Deuxièmement, la focalisation sur les économies de dépenses peut avoir des effets indirects sur l’accès à certains financements publics, appelant une anticipation dans la sélection de projets. Troisièmement, la réforme de l’assurance-chômage, traitée en concertation, pourrait ajuster les paramètres influençant les coûts de main-d’œuvre et la gestion des effectifs.

Au-delà des chiffres, la séquence politique compte. Une semaine d’ouverture des débats à haut risque signale un climat de volatilité réglementaire potentielle. Les directions juridiques et financières auront intérêt à travailler des scénarios, en surveillant l’évolution des arbitrages parlementaires et des compromis susceptibles d’émerger sur les volets sociaux.

Finances d’entreprise : visibilité fiscale et capex

Le maintien du cadre IFI et l’absence de taxe additionnelle de type Zucman sécurisent une partie de l’équation fiscale pour les investisseurs et holdings patrimoniales. Pour les groupes industriels, la continuité sur les mécanismes pro-innovation sert la planification des capex.

En revanche, l’effort d’économies de 43,8 milliards d’euros pourrait, selon sa ventilation, modifier l’écosystème d’aides directes ou indirectes. D’où l’utilité de cartographier l’exposition de l’entreprise aux dispositifs publics susceptibles d’être ajustés.

Gouvernance et conformité : attentes renforcées

La période budgétaire met en exergue l’importance de la transparence et des bonnes pratiques de gouvernance, régulièrement rappelées par l’AMF auprès des sociétés cotées. Dans un environnement où la crédibilité financière de l’État et des acteurs privés est scrutée, la qualité de l’information diffusée au marché devient un différenciateur. Organisation interne, communication financière et conformité sociale forment un trio à consolider.

Checklist direction financière : 5 points à suivre

  1. Trajectoire de déficit : intégrer l’hypothèse 4,7 % en 2026 dans les scénarios de coût du capital et de financement.
  2. Exposition aux dépenses publiques : cartographier les aides et subventions sensibles à une revue d’économies de 43,8 Md€ (ministère de l’Économie, 16 juillet 2025).
  3. Assurance-chômage : anticiper des ajustements de paramètres dans les accords et la GPEC, sans postuler de mesures non annoncées.
  4. Ruptures conventionnelles : renforcer la conformité procédurale et la documentation, compte tenu de l’examen annoncé des « abus ».
  5. Communication investisseurs : adapter le message sur la visibilité fiscale et la stratégie d’investissement, en cohérence avec les annonces publiques.

Un déficit cible implique soit des dépenses mieux contenues, soit des recettes plus dynamiques.

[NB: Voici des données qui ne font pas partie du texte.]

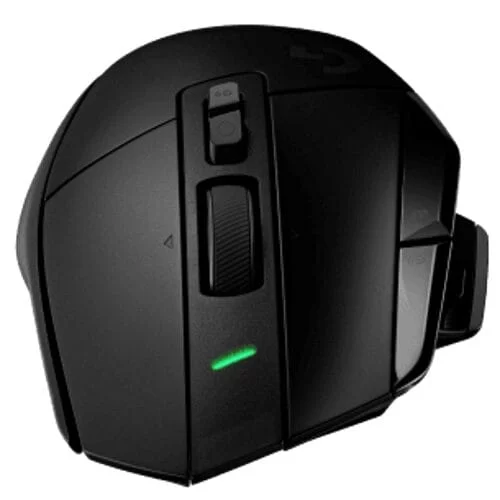 Logitech G502 X PLUS WIRELESS Gaming Mouse - Black 7 Logitech G502 X PLUS WIRELESS Gaming Mouse - Black - Ảnh 7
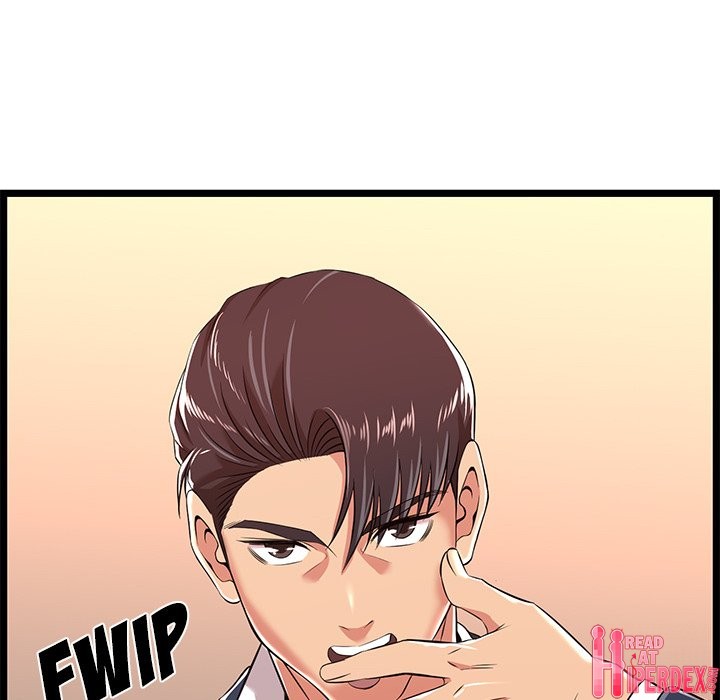 No Way Out - Chapter 5 [photo 100] - MangaPorn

En privilégiant la maîtrise des dépenses et la production, le gouvernement parie sur un soutien de l’offre pour élargir l’assiette fiscale à moyen terme, plutôt que de créer de nouveaux impôts. L’efficacité dépendra de la qualité des économies et de la robustesse de l’investissement privé.

Budget 2026 : équilibre recherché et zones d’incertitude

Le projet esquissé par Sébastien Lecornu repose sur des choix clairs : 43,8 Md€ d’économies, un objectif de 4,7 % du PIB pour 2026, l’écartement de nouvelles taxes patrimoniales, la priorité donnée à l’assurance-chômage et un examen des ruptures conventionnelles. En filigrane, une préférence pour la stabilité fiscale et le soutien à la production. La tenue de la trajectoire dépendra du réglage fin des économies et de la robustesse du dialogue social et politique.

Pour les entreprises, la ligne est lisible mais exigeante. La visibilité sur la fiscalité patrimoniale est un atout, l’éventuel recalibrage des dépenses publiques une variable d’ajustement à suivre de près. La séquence parlementaire de début octobre servira de test grandeur nature sur la capacité de l’exécutif à bâtir un compromis solide et à sécuriser sa trajectoire macroéconomique.

Rester agile, sans surinterpréter des signaux encore négociés, demeure la meilleure protection dans un cycle budgétaire où le politique et l’économique s’entremêlent étroitement.